While we’re talking about robots and programming, there’s a new volume of Secret Coders coming at you. The fifth installment of the series sees Hopper, Eni, and Josh going up against Professor One-Zero and his evil Green Pop. The stakes are high, especially now that Hopper’s dad’s fate lies in the balance! We get a lot more of Professor Bee’s origin, and the fight for the mystical Turtle of Light will keep you turning pages. Yang and Holmes challenge readers with more logic puzzles and codes to work through, and provide detailed explanation through their characters.

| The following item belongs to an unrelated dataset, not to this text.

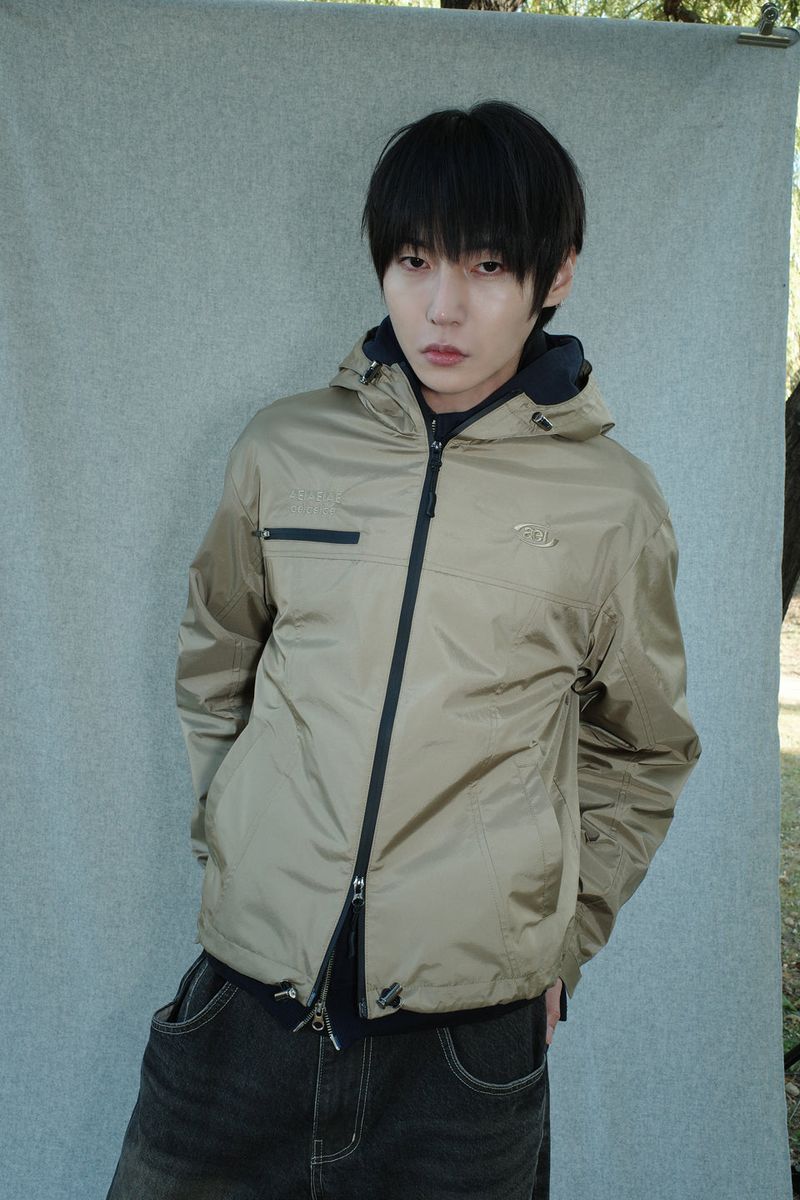 SYMBOL EMBROIDERY WINDBREAKER [BEIGE]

Science Comics: Sharks – Nature’s Perfect Hunter, by Joe Flood,
(Apr. 2018, First Second), $12.99, ISBN: 9781626727885
Recommended for readers 8-13

Science Comics has a one-two punch in March and April, first with Robots & Drones, next with Sharks. Kids LOVE sharks. The introduction nails it with its opening line: “Lots of kids, including many of you who are reading this book, go through an ‘I love sharks’ phase.” Shark books move off my shelves faster than just about any animal, tied only by dinosaurs (and we’ve already got a Science Comic on them), so this book should be going in your cart, sight unseen. But since that’s not what I do – and because I still do love sharks – here’s a bit more to whet your shark appetites.

 

The nonfiction narrative is tied together with a story about a fictional group of shark seekers, which leads into a discussion about the bad rap sharks have gotten over the years. The classic movie Jaws kicked off shark paranoia back in the mid-1970s, and that’s explored here, as is the fact that Jaws author Peter Benchley became a passionate shark conservationist in the aftermath of his book and subsequent movie.

Readers get a history of sharks from the prehistoric era until the present, with a look at shark physiology. migration patterns, variety, and eating habits. Spoiler alert: we don’t taste very good to them, and any biting is purely accidental.  We also get a peek at the one sea animal that can take down even a great white… and it ain’t man. A shark family tree, glossary of terms, and a more accurate clarification of how to phrase shark incidents (the section’s called “Don’t Say ‘Shark Attack'”).

As I was writing this review up, one of my library kids peeked over my shoulder and saw the page scans. When I told him Sharks was coming out in April, he yelped, “Are you kidding me?!” which just goes to show you, Science Comics: Sharks is going to be a hit. I may have to order two copies.